タックスヘイブン 租税天国

予め言っておくと税法には明るくない。だからタックスヘイブンというやつがわからない。Tax Haven(租税回避地)であり、Tax Heaven(租税天国)ではないのだが、フランス語ではparadis fiscal(租税天国)となっており、内情はTax Heavenと呼んだほうが肌感覚に合うと思っている。


新嘉坡は他国に比較して魅力的な低法人税政策で外資系企業を優遇していることでも知られる。60年代の文化大革命や香港返還などの変革期を通じて、インフラの充実度、アジアの中心に位置する地理的優位性、国内政治の安定、そして何より低い法人税を魅力に多くの欧米企業がアジア本社をシンガポールに移した。低い税制で外資系企業本社機能を誘致するというのは小国の取れる魅力的な施策だ。ドバイもスイスもしかり。例えば日本で1000億円利益を上げていた外資系企業に法人税40%が課されて400億円の国税に納められていたとする。それを日本に販売子会社を新たに作り本社機能を法人税が15%のシンガポールに移した場合、日本には販売子会社の手数料収入数%に対する課税額しか収められないようになり、150億円がシンガポールに納税されるようになる。つまり大抵納税額は減る。


ここで考えたいのは税金は単なるコストではなく社会公共福祉の原資だということ。同じ掛け金で倍の年金をもらえるわけがないのと同様に、同程度の社会公共福祉を期待するならばそれ相応の税金という財源が必要なのだろう。しかしこの税優遇による誘致というのは小国にとっては低率だろうとも巨額の税金を大国から分捕るようなものだと言えないだろうか。もしシンガポールに本社を置きながら他国でビジネスを立ち上げ成長させていったのだったらそう文句は言わないが、実際には他国で一定規模に育った後で本社をシンガポールなどのタックスヘイブンに移転させて節税する場合が多い。それは本来収益を上げている市場の属する国が得るべきものではないのかね。収益力と納税負担能力と社会公共福祉の受益量に差が生じていると思っている。それもタックスヘイブンに都合の良いように。
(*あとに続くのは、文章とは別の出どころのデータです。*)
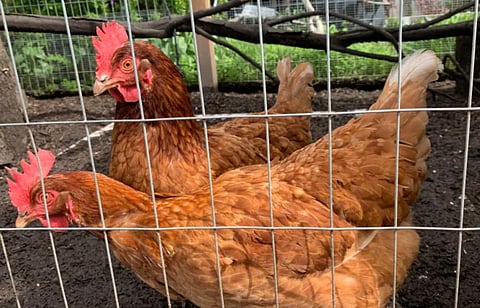 EXCLUSIVE: Chicken and egg producers urge calm in the face of bird flu spread
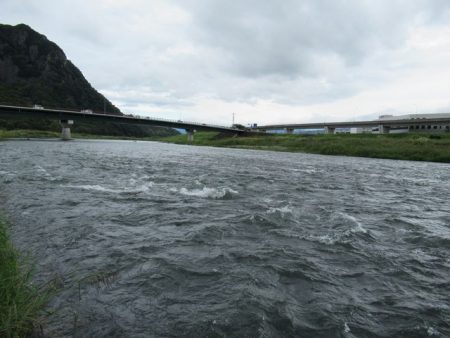 狩野川（狩野川漁業協同組合） 釣果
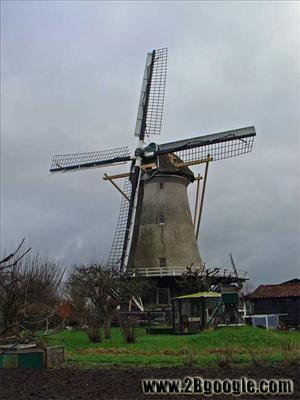 Wind Will Netherland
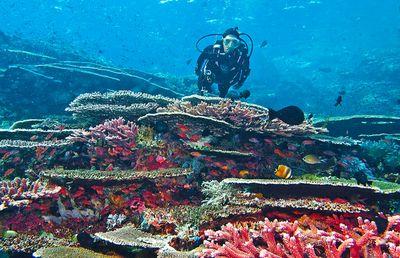 Oceanography '10 - Diponegoro University | @Muslimah_Undip | @SPI_Semarang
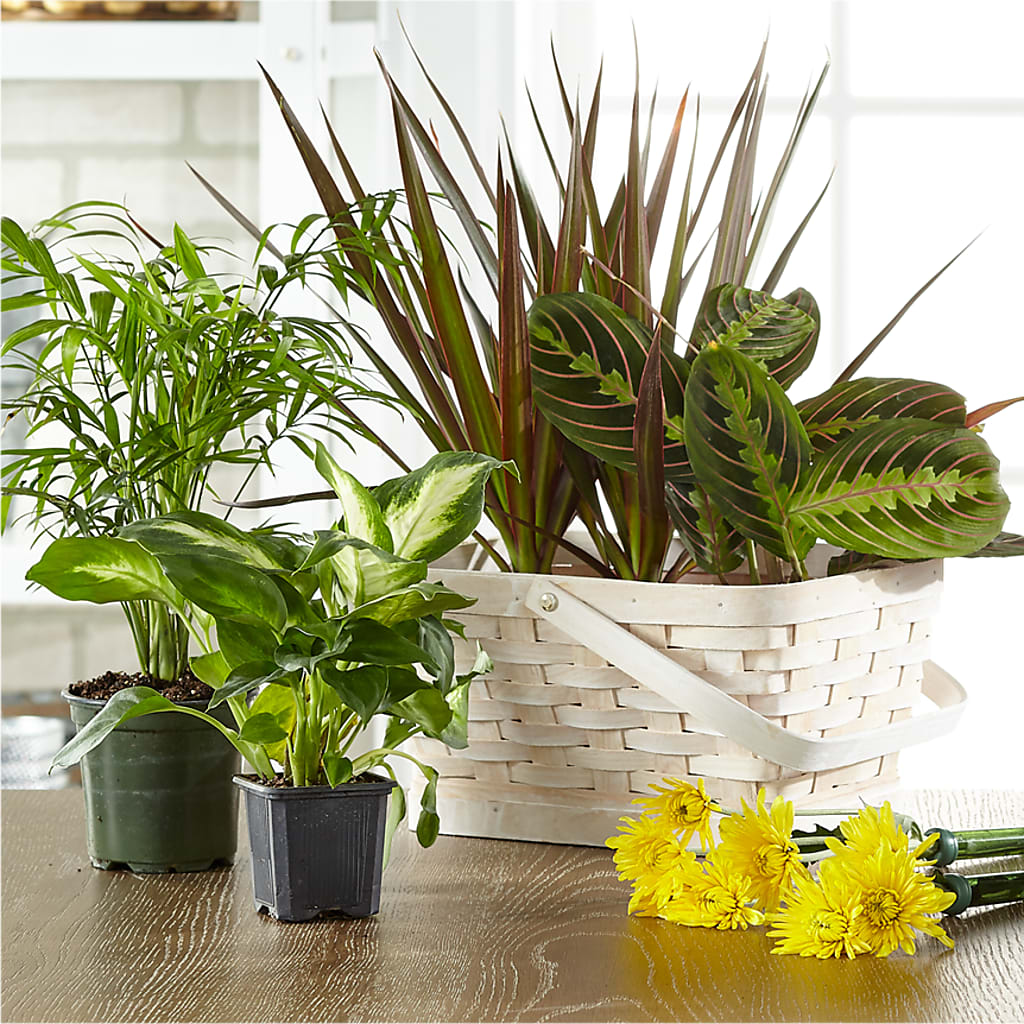 Florist Designed Blooming and Green Plants in a Basket – T BEARS FLORIST & GIFTS, Columbus OH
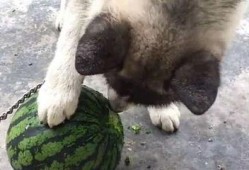 吃瓜的土狗,揭秘娱乐圈背后的真实故事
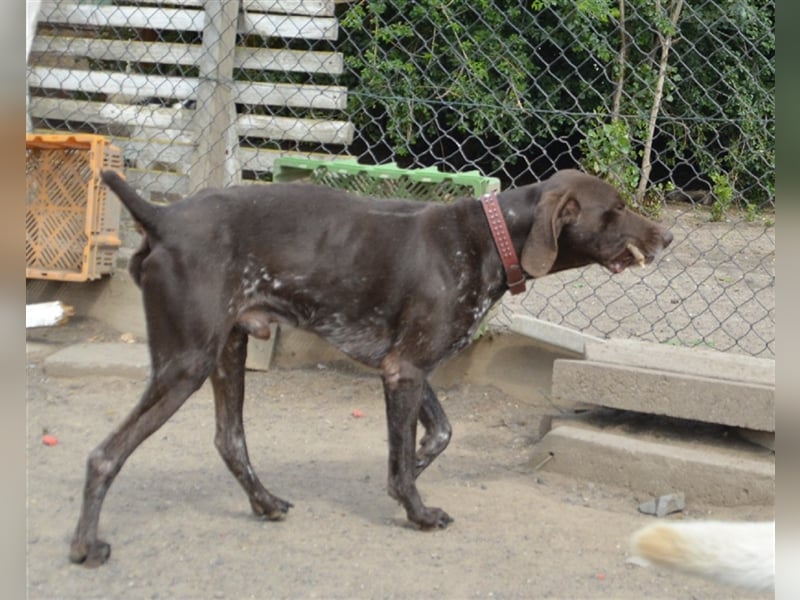 Pietro - selbstbewusster Jäger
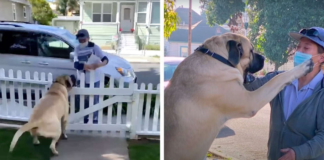 A 180-pound dog every day waits for a hug from his favorite mailwoman.
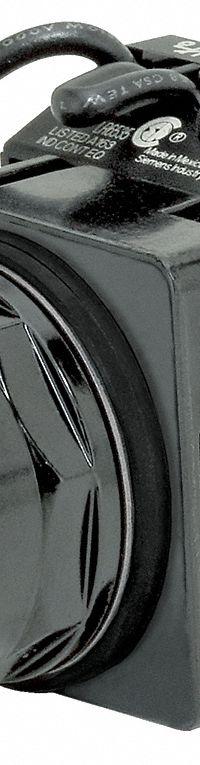 SIEMENS Illuminated Push Button: Illuminated, Extended Profile, Non-Metallic, 30 mm, 1NO/1NC (MPN 52BT6D2AB). Key specifications — Brand: SIEMENS; Action: Momentary; Series: Class 52; Push Button Material Type: Non-Metallic.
現在の国際税制がそれを容認しているからと言えばそれまでだが、タックスヘイブンにある本社と現地法人の間を自由に人材が往来している現状をみると、納得できない不可解なことのひとつである。本社での収益は現地法人と行き来する人材の知識あってのものであるし、Arms Lengthを謡う完全な別会社ならばよその会社にせっせと業務知識を教えるなんてことは不自然極まりない。税法ってよくわからん。